Income tax in Scotland is a tax of personal income gained through employment. This is a tax controlled by the Scottish Parliament, and collected by the UK government agency HM Revenue & Customs. 

Since 2017, the Scottish Parliament has had the ability to set income tax rates and bands, apart from the personal allowance. Over the next couple of years, some modest differences developed between income tax rates in Scotland and those elsewhere in the UK.

History
When the devolved Scottish Parliament was set up in 1999, the Scottish Parliament had the power to vary the rate of income tax by 3% (in either direction) from the rates applied in the rest of the UK. This power was specifically authorised by the second question of the 1997 devolution referendum. In any event, no Scottish Government ever chose to use the variable rate, and left tax rates the same as they were in the rest of the UK.
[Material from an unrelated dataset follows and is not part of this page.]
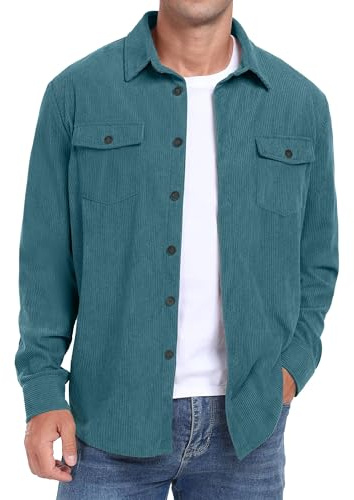 QIXING Chemise en velours côtelé à manches longues pour homme - Coupe droite - Automne - Hiver - Avec poches à rabat | Col rabattable avec deux poches à rabat pour une finition soignée. Velours côtelé doux et durable pour une superposition sans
Following the passage of the Scotland Act 2012, the Scottish Parliament was given greater powers over income tax. In the 2016/17 tax year it had to set a Scottish Rate of Income Tax (SRIT). The idea of the power was that the UK tax rate would be reduced by 10%, with the block grant being reduced by an equivalent amount. In 2016/17 the Scottish budget set the SRIT at 10%, which left tax rates at the same level as in the rest of the UK.

The Scotland Act 2016 gave the Scottish Parliament full control over income tax rates and bands, except the personal allowance. In 2017/18, the only notable difference between Scotland and the rest of the UK was that the higher rate limit was frozen in Scotland. In the draft budget for 2018/19, new rates and bands were proposed. The basic rate of 20% was split into three different levels, with a lower starter rate of 19% and higher intermediate rate of 21% being introduced whilst taxes on income in the top two tax bands were increased by 1p in the pound to 41% and 46% respectively.

Tax rates and bands

2017-18
This tax year was the first in which the Scotland Act 2016 was in force, with the first ever differentiated Scottish income tax. The only difference from the rates for the rest of the UK was the threshold for the higher rate (£43,000 as opposed to £45,000).

2018–2023
Two new bands were introduced in 2018, and remained in place with the same rates until the 2022-23 tax year.

From 2023
The higher and top rates are increased by 1% as of April 2023.